Thermoelectric transport coefficients of quark matter

TL;DR

This paper estimates thermoelectric transport coefficients such as thermal conductivity, electrical conductivity, and Seebeck coefficient for hot, dense quark matter using the NJL model and relativistic Boltzmann transport equations.

Contribution

It provides the first estimates of thermoelectric coefficients for quark matter within the NJL model framework, incorporating in-medium scattering effects.

Findings

Thermal conductivity of quark matter is quantified.

Electrical conductivity of hot, dense quark matter is calculated.

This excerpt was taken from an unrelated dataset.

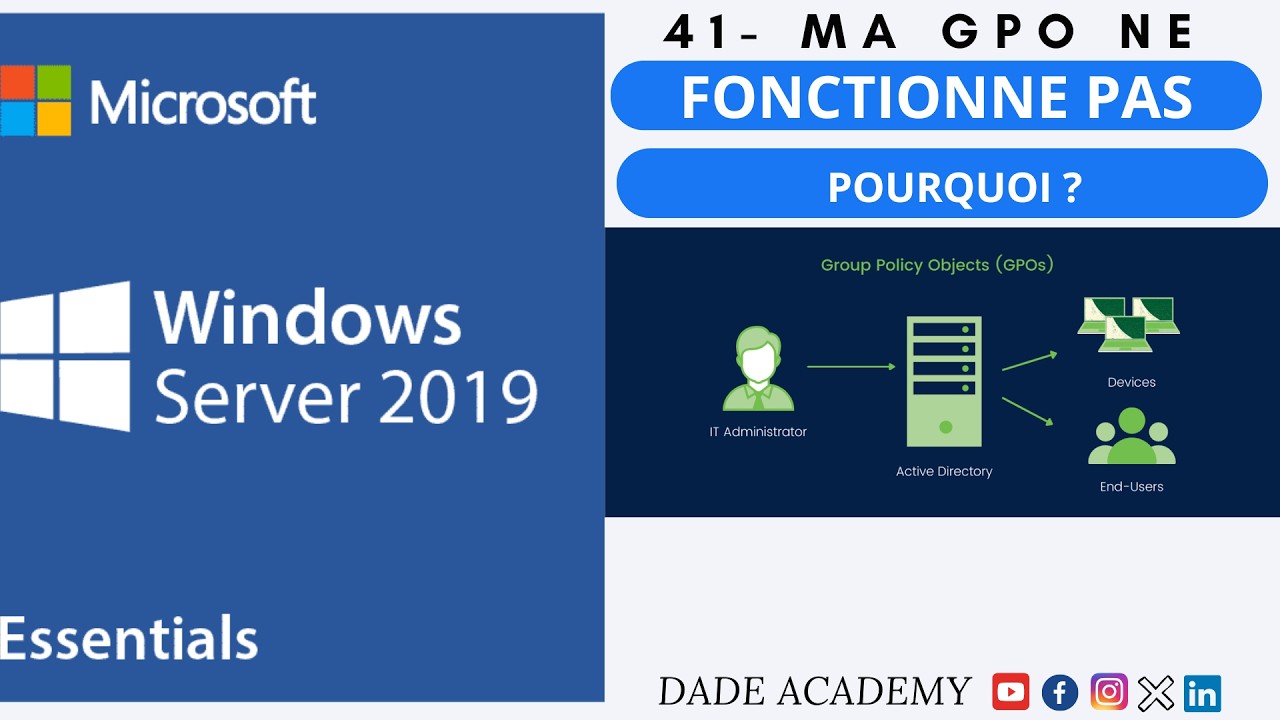 44-Formation Complète Windows Server 2019 POURQUOI VOS GPO NE FONCTIONNENT PAS SOUS WINDOWS SERVER ?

Seebeck coefficient for quark matter is estimated.

Abstract

A thermal gradient and/or a chemical potential gradient in a conducting medium can lead to an electric field, an effect known as thermoelectric effect or Seebeck effect. In the context of heavy-ion collisions, we estimate the thermoelectric transport coefficients for quark matter within the ambit of the Nambu-Jona Lasinio (NJL) model. We estimate the thermal conductivity, electrical conductivity, and the Seebeck coefficient of hot and dense quark matter. These coefficients are calculated using the relativistic Boltzmann transport equation within relaxation time approximation. The relaxation times for the quarks are estimated from the quark-quark and quark-antiquark scattering through in-medium meson exchange within the NJL model.